Identifying Safe Mode

Safe mode can be identified in two ways: UI and command line. In UI (http://:50070) go to "Overview" tab. In safe mode the following will appear:

HDFS_SafeMode

You can see that safe mode is ON and a description of the cause.

For command line type the following command in the namenode machine:

HDFS_SafeMode

Handling Safe Mode

As described above, HDFS in safe mode does not permit file modification so it is crucial to handle the situation and bring back the system to a functioning state by setting the safe mode to "off".

Dead datanodes

Usually the situation occurrs due to datanodes that are down. You can view the status of the datanodes in the UI, under the "Datanodes" tab or the "Summary" section of the "Overview" tab which states the number of live datanodes.

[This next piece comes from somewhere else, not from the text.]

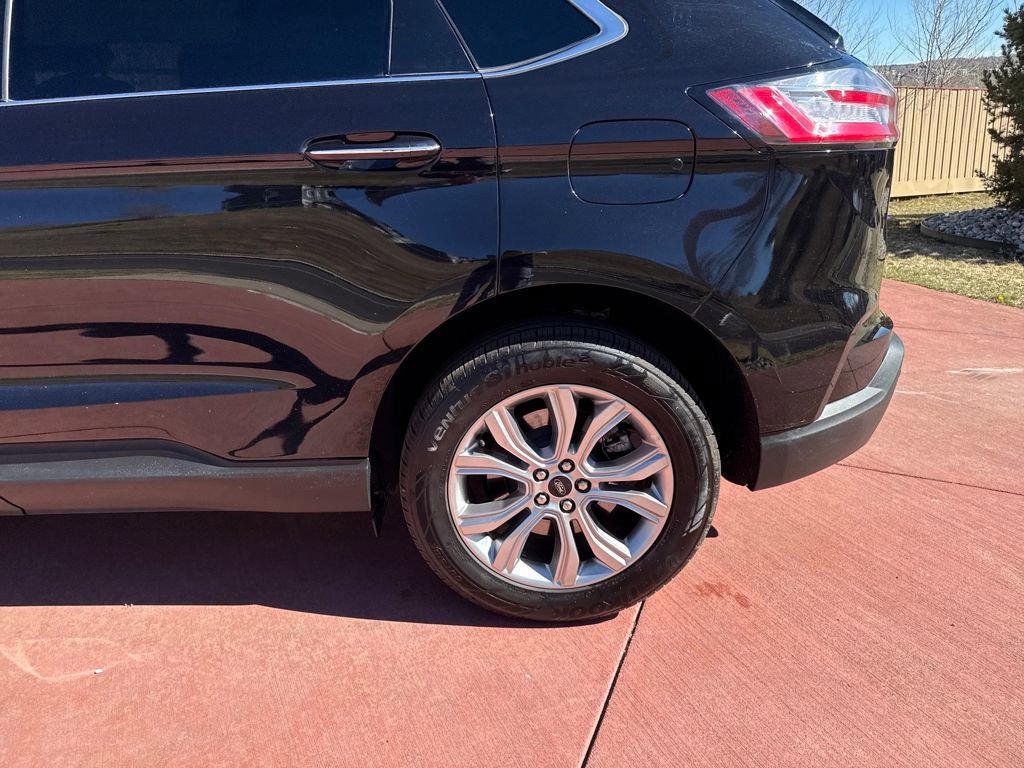 Certified 2024 Ford Edge Titanium AWD/4WD image 34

After idendifying which datanodes are not active, go to the machine of the offline datanode, turn it on and start the datanode process by issuing the following command as the user with hadoop permissions:

$HADOOP_PREFIX/sbin/hadoop-daemons.sh --config $HADOOP_CONF_DIR --script hdfs start datanode

After starting the datanode, go to the namenode machine and let HDFS do a file system check, to identify the changed status and turn the safe mode off. Do so using the hdfs fsck command:

hdfs fsck /

When the system is back to normal state, the last line of the command output will be:

The filesystem under path '/' is HEALTHY

Missing blocks

It may come to a situation where all datanodes are up and running but several files have failed to be written to the various nodes and are considered as corrupted. In such case, starting the datanodes alone is not enough. The corrupted files must be identified and removed from the HDFS. Only after removing them, the HDFS will turn safe mode off.

In order to identify which files have missing blocks, you can use the following command:

hdfs fsck / | grep MISSING

The command will output all missing blocks and their owning files:

HDFS_SafeMode

You can see the file name and path which has missing blocks. You can use that path to remove the file:

hdfs dfs -rm /user/ubuntu/hadoop-hduser-datanode-ip-172-16-1-10.out

Repeat the process for all corrupted files until HDFS notify at the end of fsck command that The filesystem under path '/' is HEALTHY

Summary

HDFS safe mode is a safety mechanism of preventing modifications when the HDFS cluster is unstable. Usually it happens due to unavailable blocks, either because of a dead datanode or a file system corruption. Recovering dead datanodes and deleting corrupted files is crucial to bring back the HDFS to stable state.